At the World Health Assembly in June, right down to the last minute, countries were trying to see if they could come to an agreement and adopt this treaty. When they realized they couldn’t, they decided that they wouldn't end the negotiation process. Instead, they would extend it for up to another year at the next WHA in May 2025 or, if they can come to an agreement earlier, convene a special session of the WHA later this year.

Why is there such urgency to pass this plan? 

We know that climate change, biodiversity loss, and chemical pollution are rapidly accelerating and driving the emergence of potential new pandemic threats. Interactions between animals and humans from changing land use—the interface of potential zoonotic spillover—are increasing rapidly. Time is of the essence to get some of these governance structures in place now so that we are prepared for the next pandemic.

We have some international law for pandemic influenza.

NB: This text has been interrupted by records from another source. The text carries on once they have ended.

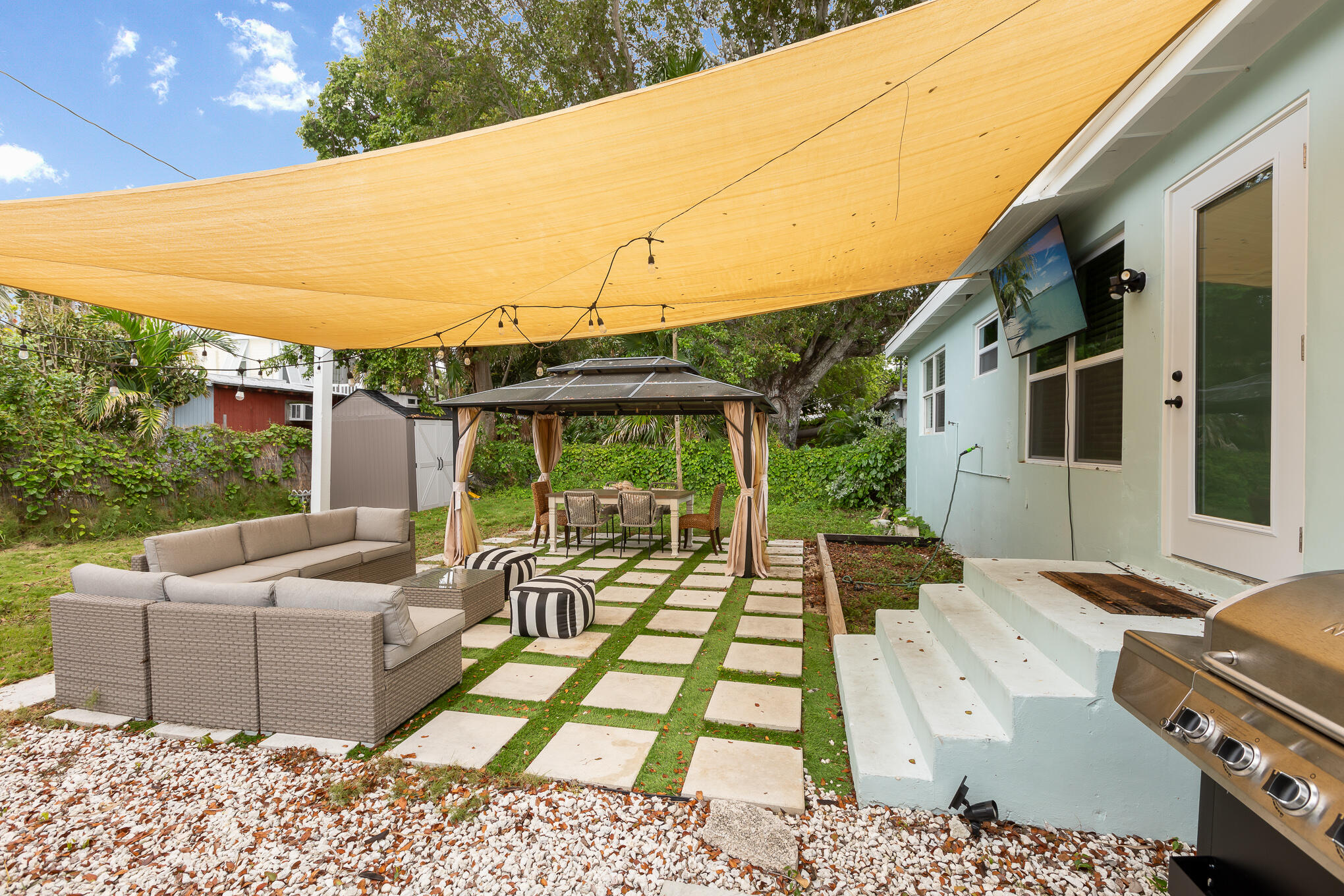 2815 Seidenberg Avenue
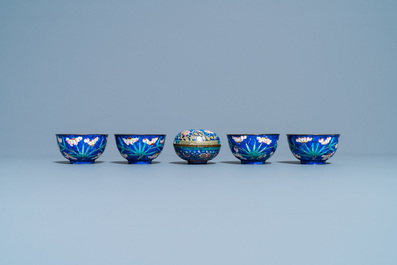 Quatre bols et une bo&icirc;te couverte en &eacute;maux de Vietnam de type Phap Lam Hue, marque Minh Mang, 1820-1841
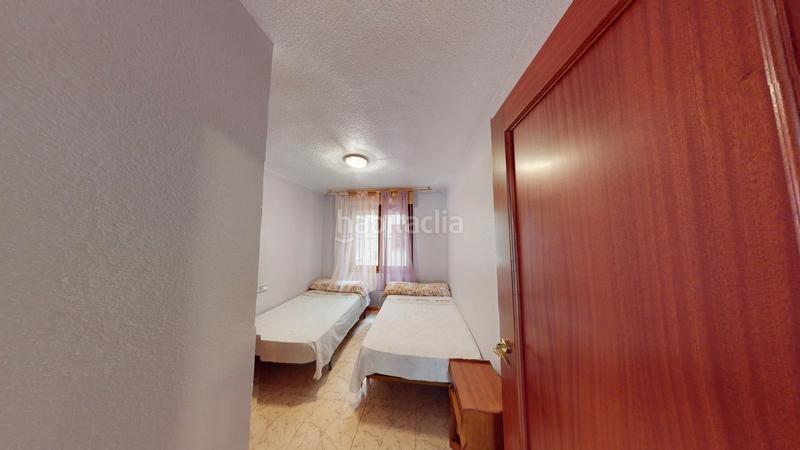 Foto 134f9c7e-00b4-4eb9-a89e-89c01c775a56. Piso  de 4 habitaciones a un paso de la playa en Torrevieja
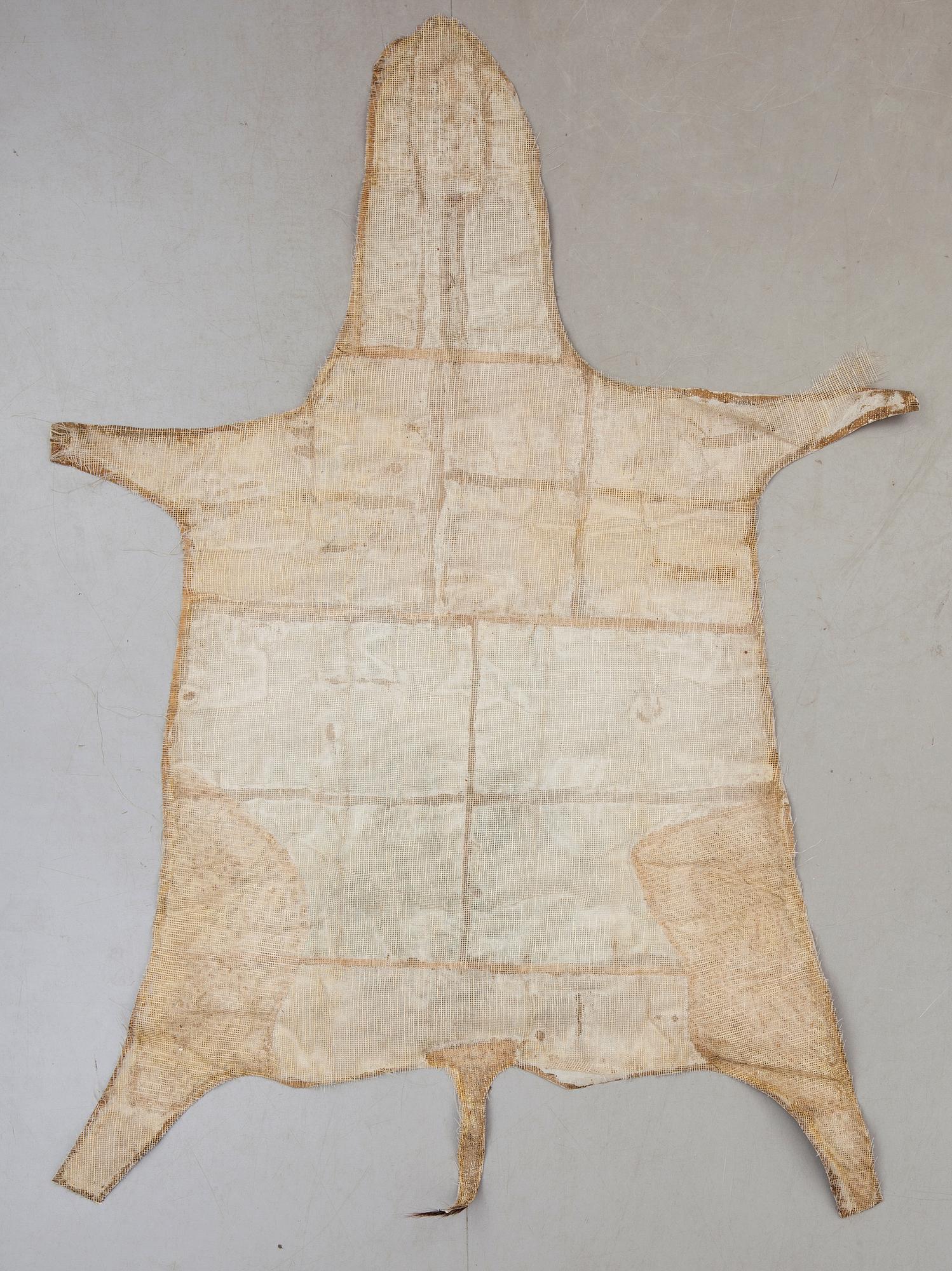 MATTA, zebraskinn, ca 295 x 210 cm.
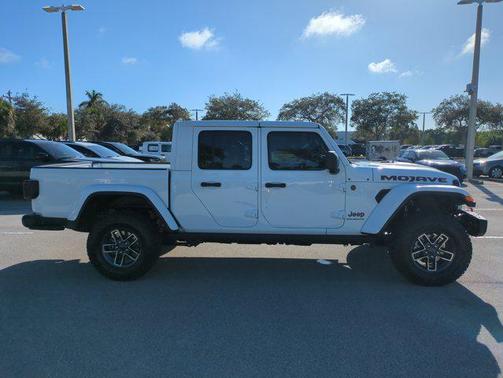 2025 Jeep Gladiator Mojave X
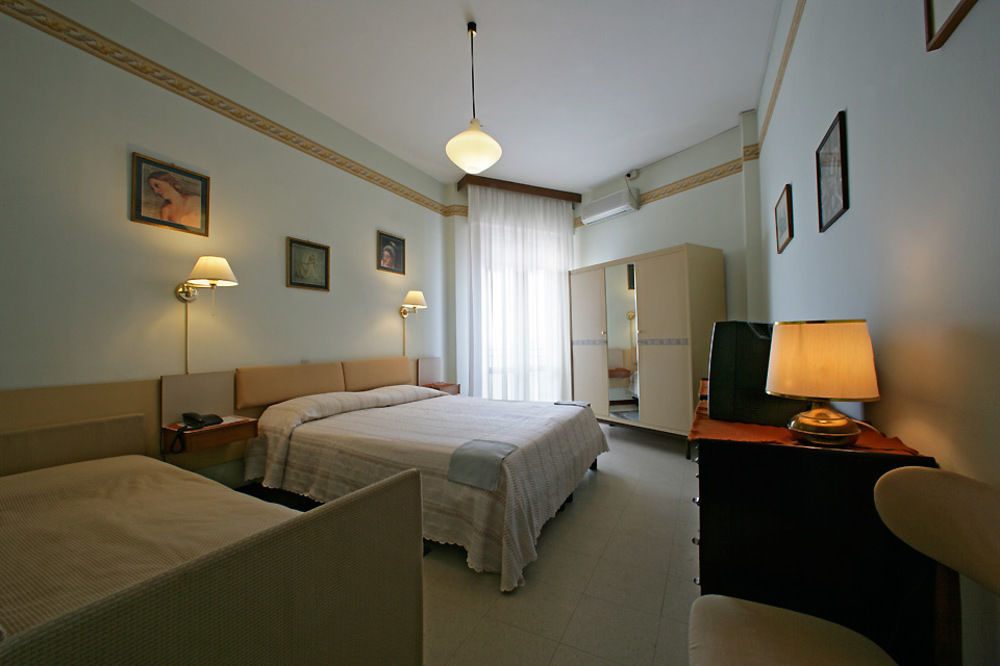 Hotel Universo Lido di Jesolo Exterior photo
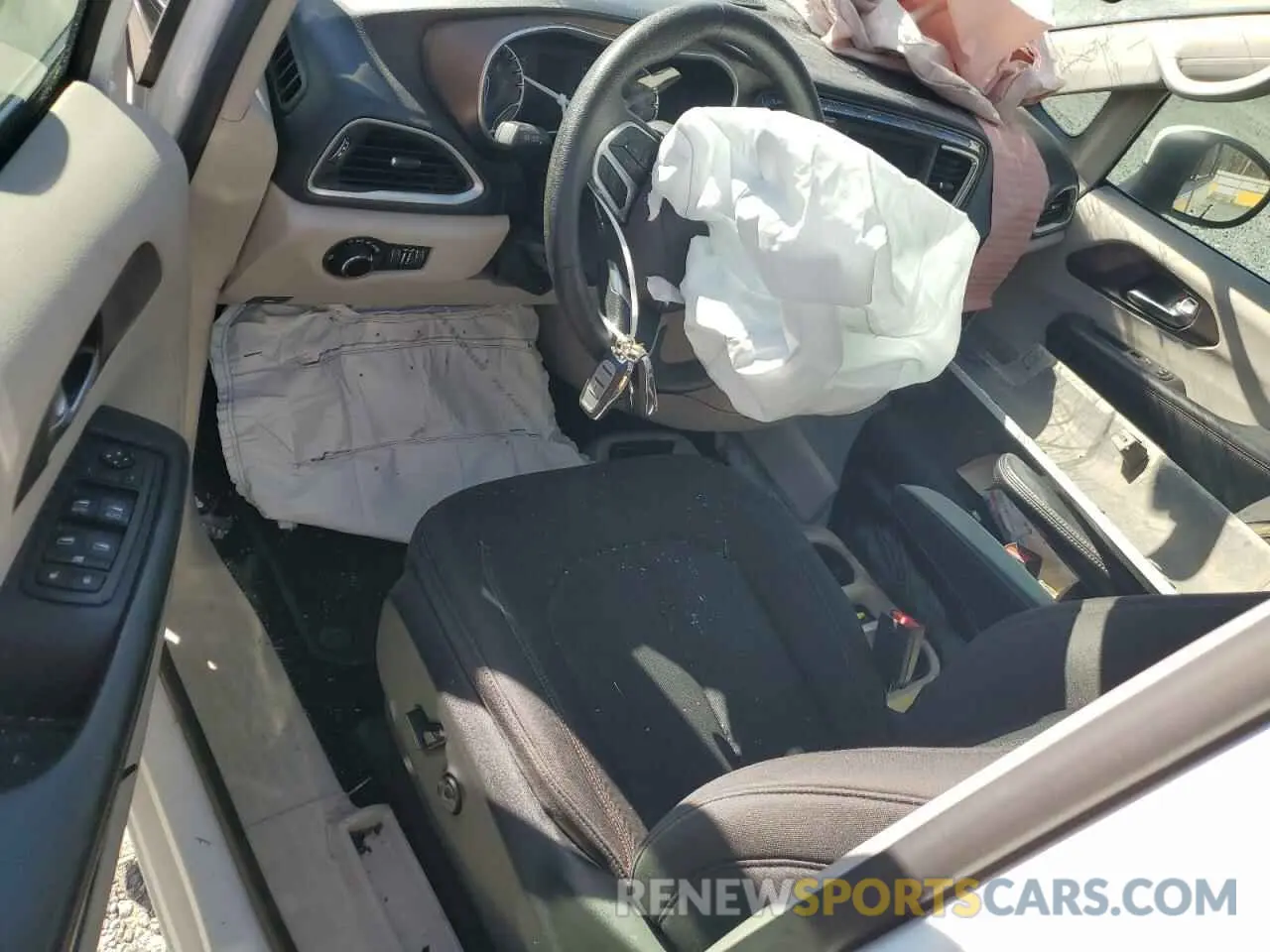 8 Photograph of a damaged car 2C4RC1CG1KR628428 CHRYSLER PACIFICA 2019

But what we saw over the course of COVID-19 is that a lot of those norms and expectations we have for influenza were undone within the context of COVID-19.

With the pandemic treaty, even if we end up with a very high-level agreement, at the end of the day, part of it is about rebuilding trust between countries. It's about rebuilding those norms, those expected standards of behavior between countries and institutions like the WHO.

This interview was edited for length and clarity by Rin Swann.